BEGIN Materials provided
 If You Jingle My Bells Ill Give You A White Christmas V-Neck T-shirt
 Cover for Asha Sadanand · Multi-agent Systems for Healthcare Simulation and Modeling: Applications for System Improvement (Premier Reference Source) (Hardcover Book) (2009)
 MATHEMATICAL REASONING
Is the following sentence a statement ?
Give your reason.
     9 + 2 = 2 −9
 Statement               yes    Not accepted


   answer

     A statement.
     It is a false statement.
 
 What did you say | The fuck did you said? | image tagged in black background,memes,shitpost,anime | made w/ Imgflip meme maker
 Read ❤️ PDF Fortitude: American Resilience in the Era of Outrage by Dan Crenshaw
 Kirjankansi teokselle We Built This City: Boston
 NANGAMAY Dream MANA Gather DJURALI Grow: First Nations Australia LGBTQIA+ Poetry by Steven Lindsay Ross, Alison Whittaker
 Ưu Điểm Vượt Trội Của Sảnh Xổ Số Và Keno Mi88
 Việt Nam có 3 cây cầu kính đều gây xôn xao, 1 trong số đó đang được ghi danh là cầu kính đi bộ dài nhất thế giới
END Materials provided
BEGIN Materials provided
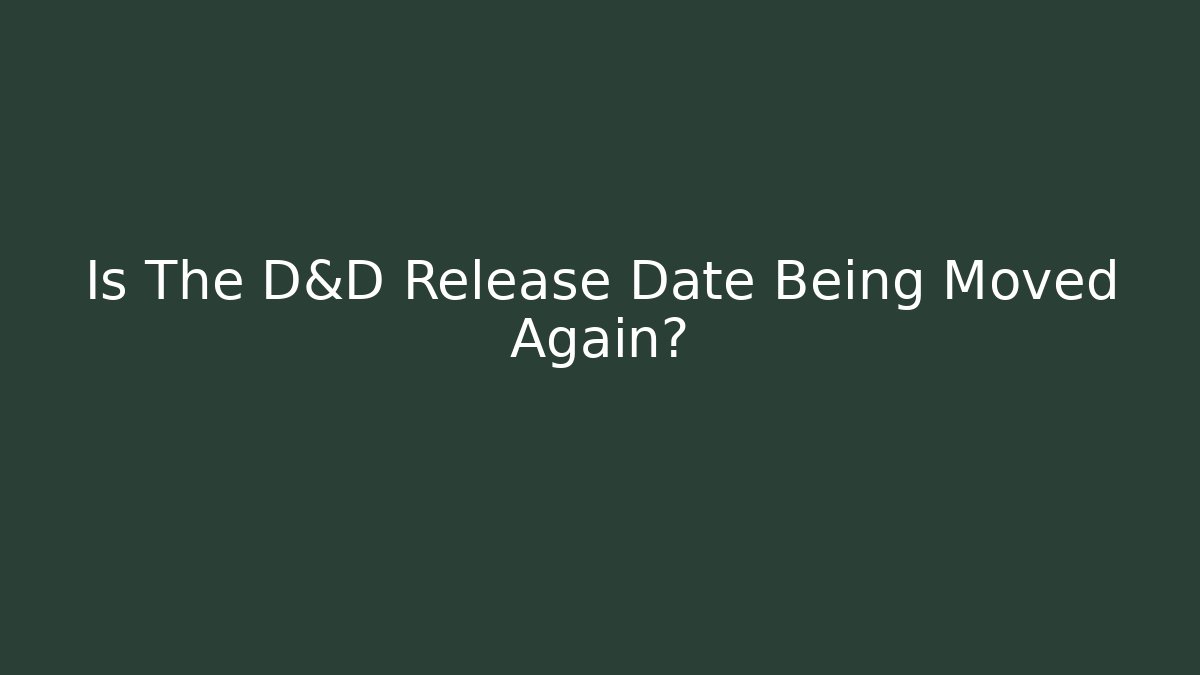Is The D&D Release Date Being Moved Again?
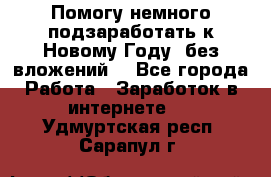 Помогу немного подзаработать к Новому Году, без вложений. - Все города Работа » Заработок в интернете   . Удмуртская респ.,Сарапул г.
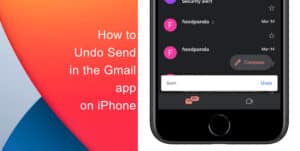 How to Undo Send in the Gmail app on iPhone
END Materials provided
[Directions] Look above for the line holding "Cover for Asha". Print it and every line after it, exactly, through the line holding "Việt Nam có".

[Response area]
 Cover for Asha Sadanand · Multi-agent Systems for Healthcare Simulation and Modeling: Applications for System Improvement (Premier Reference Source) (Hardcover Book) (2009)
 MATHEMATICAL REASONING
Is the following sentence a statement ?
Give your reason.
     9 + 2 = 2 −9
 Statement               yes    Not accepted


   answer

     A statement.
     It is a false statement.
 
 What did you say | The fuck did you said? | image tagged in black background,memes,shitpost,anime | made w/ Imgflip meme maker
 Read ❤️ PDF Fortitude: American Resilience in the Era of Outrage by Dan Crenshaw
 Kirjankansi teokselle We Built This City: Boston
 NANGAMAY Dream MANA Gather DJURALI Grow: First Nations Australia LGBTQIA+ Poetry by Steven Lindsay Ross, Alison Whittaker
 Ưu Điểm Vượt Trội Của Sảnh Xổ Số Và Keno Mi88
 Việt Nam có 3 cây cầu kính đều gây xôn xao, 1 trong số đó đang được ghi danh là cầu kính đi bộ dài nhất thế giới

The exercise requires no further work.